We take part in these cycles, and they’re often cycles characterized by speed of production, cheapness of production, and speed of delivery. This idea that we need same-day delivery for everything is a fantasy of speed and how it’ll make our lives better. One book I read during the research for this novel is Four Thousand Weeks: Time Management for Mortals by Oliver Burkeman. It’s about how we delude ourselves that we can have a bucket list and a to-do list and somehow get on top of it all. We’re never going to have enough time for everything. This myth of speed can be very, very harmful. So yes, I would say when I was writing that line, I was being absolutely accurate about the railway companies of the 1890s, but I was talking about us now too.

IM: That seamlessly leads me into my next question; I noticed while reading this book, especially as we get to know all of the different characters, that a lot of times, I thought that we have a lot of the same interpersonal issues as these people from the 19th century. It really made me think about how important it is for us to read things like historical fiction to understand where we are today. Is that part of why you write historical fiction?

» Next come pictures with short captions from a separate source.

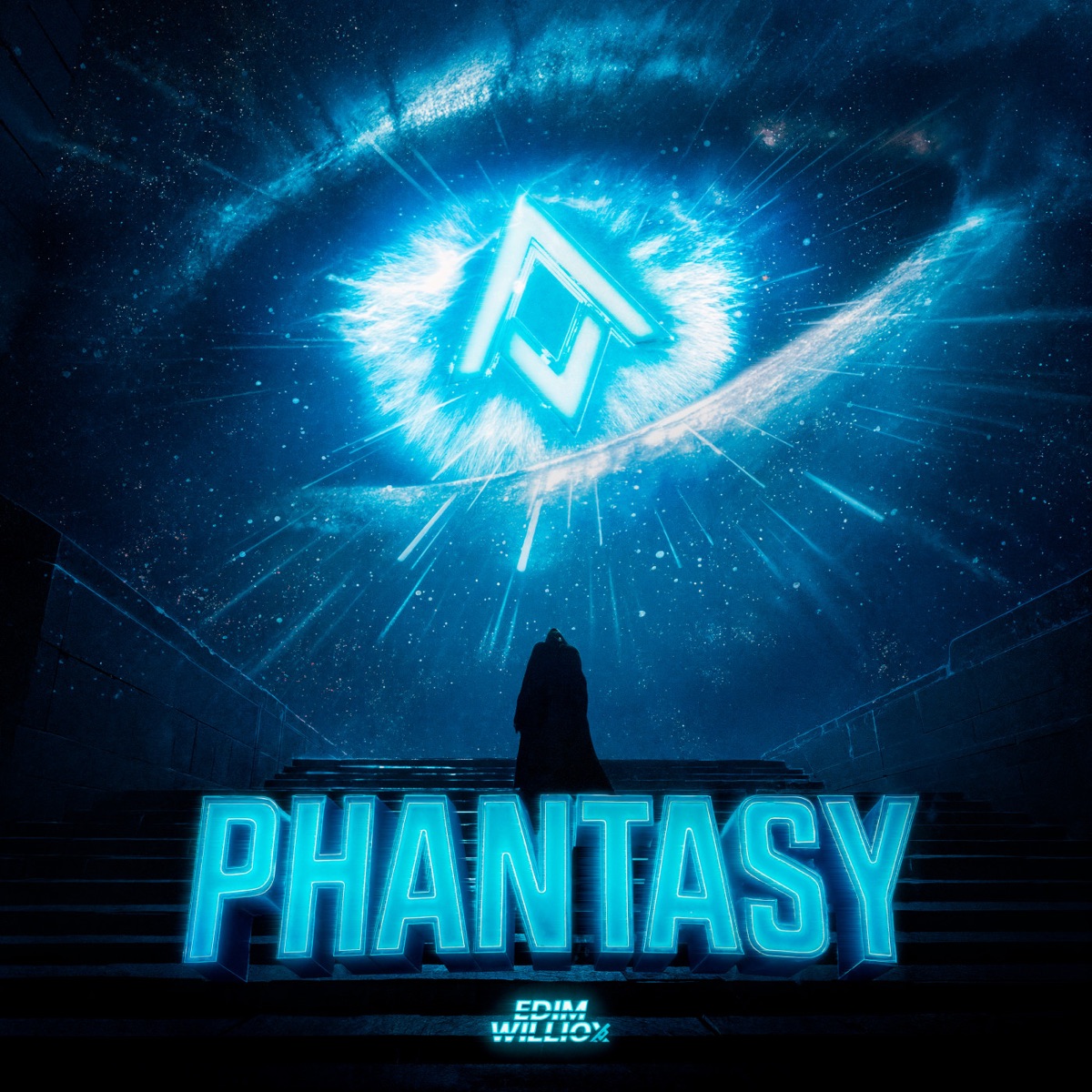 Phantasy - Single by EDIM WILLIOX album cover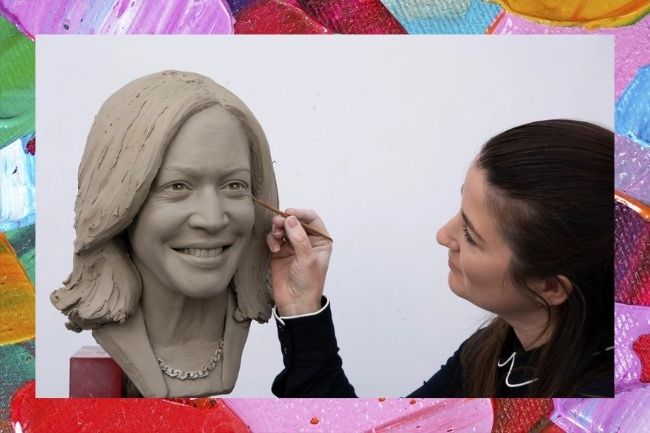 Kamala Harris será 1ª vice-presidente a ter estátua no Madame Tussauds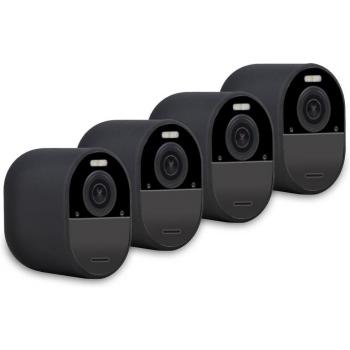 Funda de Silicona Resistente PowerTrust para Arlo Ultra y Pro 3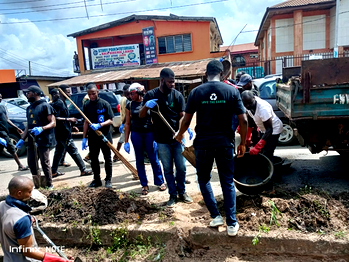Group advocate partnership with government to protect the environment, hygiene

“It gives you hope that the long arc of justice does finally bend . . . it gives you a comforting feeling that people have lived through worse before.”

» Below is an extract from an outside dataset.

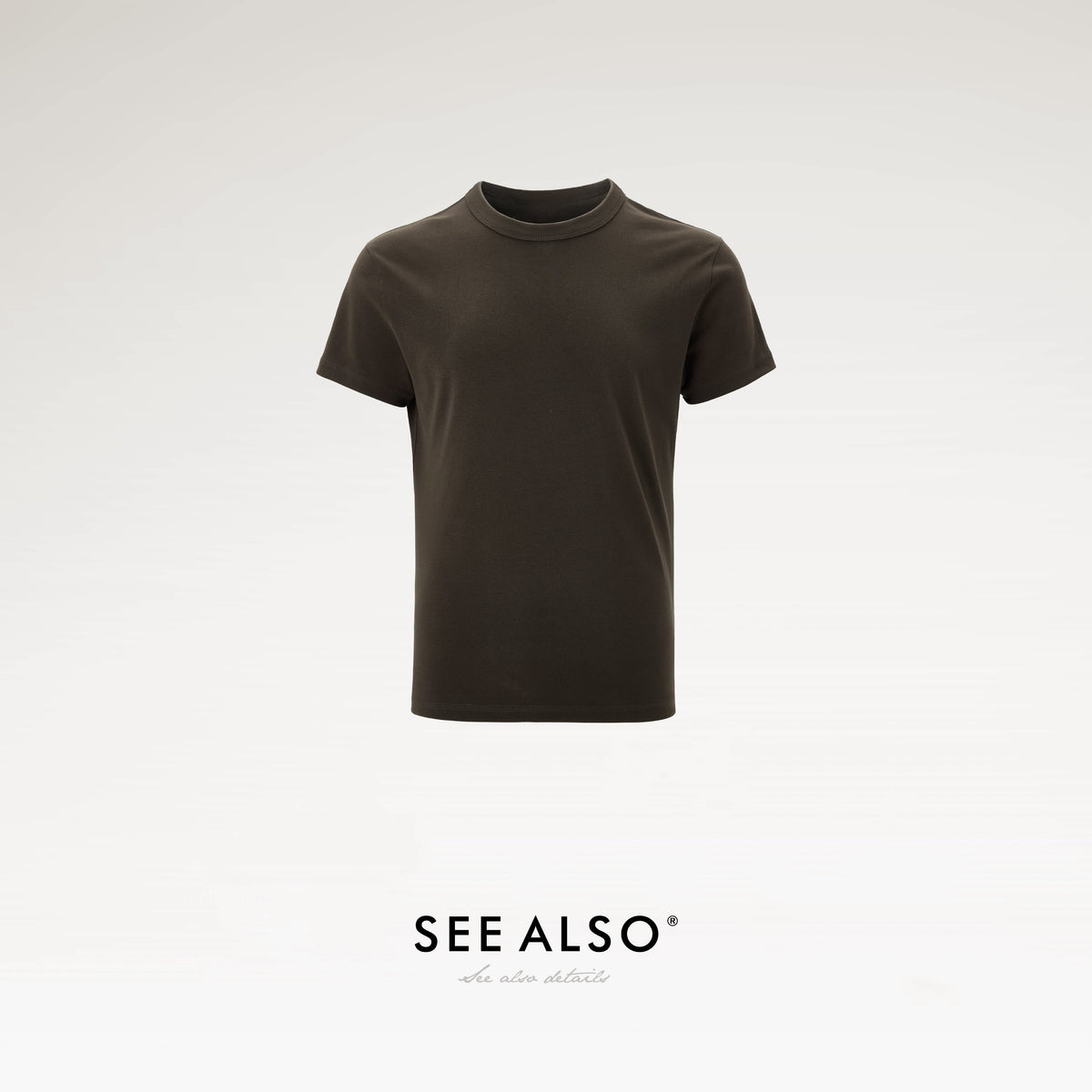 SEE ALSO Slim-Fit Crew Neck Cotton Tee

ED: It’s probably not my primary motive, but it’s a secondary pleasure. For instance, quite late in the process, I think I was researching what earrings a character might’ve been wearing. I found that she might’ve been wearing entire heads of hummingbirds. There was a huge campaign to ban the exploitation of birds because birds were used in vast numbers for hats and jewelry. There was a big campaign of women saying to women, ‘can we stop killing the birds?’ They won. It happens so much less often nowadays than it used to. If you’re an activist working on something like getting forever chemicals out of pharmaceuticals today, you might feel it’s never going to work. If you look at the 19th century and you see how vast the bird trade was and how people passionately campaigned against it, and eventually they won, it gives you hope. It gives you hope that the long arc of justice does finally bend. At the very least, it gives you a comforting feeling that people have lived through worse before. I find writing historical fiction during hard times extremely helpful. It provides perspective.

IM: I completely agree. I think it can give us some comfort in uneasy times. We can always look back and learn from the past. It’s so important for us to read historical fiction and to understand where we came from.

ED: Yes, it’s not mindless comfort, it’s not bodice-ripping escapism. I hate when people sneer at historical fiction as if everything said in the past is inherently shallow and silly. I mean, if they can’t look past the bustles and the cravats to the beating human hearts behind them, then they’re bad readers.

IM: Finally, who are you reading now?

ED: I was sent an early copy of Leila Motley’s, The Girls who Grew Big. People remember her novel Nightcrawling, which was an astonishing debut. The Girls Who Grew Big is about teenage moms in Florida, and it’s just so vivid, and funny and heartfelt. I came across another fabulous novel recently called Fire Exit by Morgan Talty. He’s a Penobscot writer, and I just thought it was the most interesting perspective, because he’s a Native writer who writes about a white guy living on the edge of a Native community. I thought it was such an interesting, sympathetic and unpredictable way of approaching that community. Those are two recent gems.

IM: Thank you so much, Emma.

ED: Thank you, Isabelle.

This interview was edited for length and clarity.